** AIM OF THE TASK **
Pull every line with "against" from the data.
───── SUPPLIED MATERIAL ─────
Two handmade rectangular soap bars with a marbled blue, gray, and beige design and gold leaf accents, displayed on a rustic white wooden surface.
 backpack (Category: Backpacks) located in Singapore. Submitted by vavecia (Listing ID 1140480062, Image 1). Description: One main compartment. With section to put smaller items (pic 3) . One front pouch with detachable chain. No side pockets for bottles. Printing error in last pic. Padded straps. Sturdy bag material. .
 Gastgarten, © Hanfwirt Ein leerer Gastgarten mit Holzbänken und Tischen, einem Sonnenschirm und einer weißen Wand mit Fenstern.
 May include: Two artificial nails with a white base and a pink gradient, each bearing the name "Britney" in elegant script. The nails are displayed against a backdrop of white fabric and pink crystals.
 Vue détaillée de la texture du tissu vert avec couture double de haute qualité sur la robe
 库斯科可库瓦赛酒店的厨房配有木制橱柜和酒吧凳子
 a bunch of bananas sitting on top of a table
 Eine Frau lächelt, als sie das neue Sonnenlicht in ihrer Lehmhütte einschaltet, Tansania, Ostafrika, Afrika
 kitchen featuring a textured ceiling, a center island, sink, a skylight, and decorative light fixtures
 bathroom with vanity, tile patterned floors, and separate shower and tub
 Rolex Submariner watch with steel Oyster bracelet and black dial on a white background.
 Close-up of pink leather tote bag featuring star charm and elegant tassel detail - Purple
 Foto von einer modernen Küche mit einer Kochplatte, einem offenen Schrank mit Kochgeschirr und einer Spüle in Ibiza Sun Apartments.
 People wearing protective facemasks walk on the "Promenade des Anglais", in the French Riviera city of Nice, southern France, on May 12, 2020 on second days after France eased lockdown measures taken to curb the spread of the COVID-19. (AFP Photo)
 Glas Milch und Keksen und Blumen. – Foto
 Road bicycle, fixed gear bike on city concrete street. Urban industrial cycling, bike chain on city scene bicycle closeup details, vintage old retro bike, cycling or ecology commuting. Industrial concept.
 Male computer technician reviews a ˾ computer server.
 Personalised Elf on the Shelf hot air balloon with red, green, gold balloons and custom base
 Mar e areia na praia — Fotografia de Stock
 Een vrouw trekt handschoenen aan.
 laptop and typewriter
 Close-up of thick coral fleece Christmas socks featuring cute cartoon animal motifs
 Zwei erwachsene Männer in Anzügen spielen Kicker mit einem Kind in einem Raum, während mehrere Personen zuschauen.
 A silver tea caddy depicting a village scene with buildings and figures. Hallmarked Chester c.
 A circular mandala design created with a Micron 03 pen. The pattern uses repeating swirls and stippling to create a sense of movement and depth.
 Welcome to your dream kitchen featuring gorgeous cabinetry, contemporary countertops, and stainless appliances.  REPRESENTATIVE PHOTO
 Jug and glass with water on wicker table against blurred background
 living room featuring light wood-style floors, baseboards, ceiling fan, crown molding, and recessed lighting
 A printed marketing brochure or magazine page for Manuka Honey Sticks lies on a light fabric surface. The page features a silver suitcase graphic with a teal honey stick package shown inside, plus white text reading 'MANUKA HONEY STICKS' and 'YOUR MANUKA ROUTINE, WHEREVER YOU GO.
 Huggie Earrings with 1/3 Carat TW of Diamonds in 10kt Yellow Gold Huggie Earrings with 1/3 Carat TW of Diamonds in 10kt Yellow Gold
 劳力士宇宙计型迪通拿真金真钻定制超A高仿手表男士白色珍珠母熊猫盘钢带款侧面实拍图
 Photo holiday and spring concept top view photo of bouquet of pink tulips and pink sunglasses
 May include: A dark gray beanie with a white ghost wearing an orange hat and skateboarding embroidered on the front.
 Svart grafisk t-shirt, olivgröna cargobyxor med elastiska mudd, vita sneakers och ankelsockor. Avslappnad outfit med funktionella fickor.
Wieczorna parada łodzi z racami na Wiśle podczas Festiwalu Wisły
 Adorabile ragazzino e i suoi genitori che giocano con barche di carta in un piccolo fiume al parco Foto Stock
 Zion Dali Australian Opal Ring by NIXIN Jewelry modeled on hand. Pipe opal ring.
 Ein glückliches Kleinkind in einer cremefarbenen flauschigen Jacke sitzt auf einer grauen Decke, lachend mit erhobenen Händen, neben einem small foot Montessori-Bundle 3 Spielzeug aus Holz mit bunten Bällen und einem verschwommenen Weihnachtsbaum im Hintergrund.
─────
** SOLVED PROBLEM **
 May include: Two artificial nails with a white base and a pink gradient, each bearing the name "Britney" in elegant script. The nails are displayed against a backdrop of white fabric and pink crystals.
 Jug and glass with water on wicker table against blurred background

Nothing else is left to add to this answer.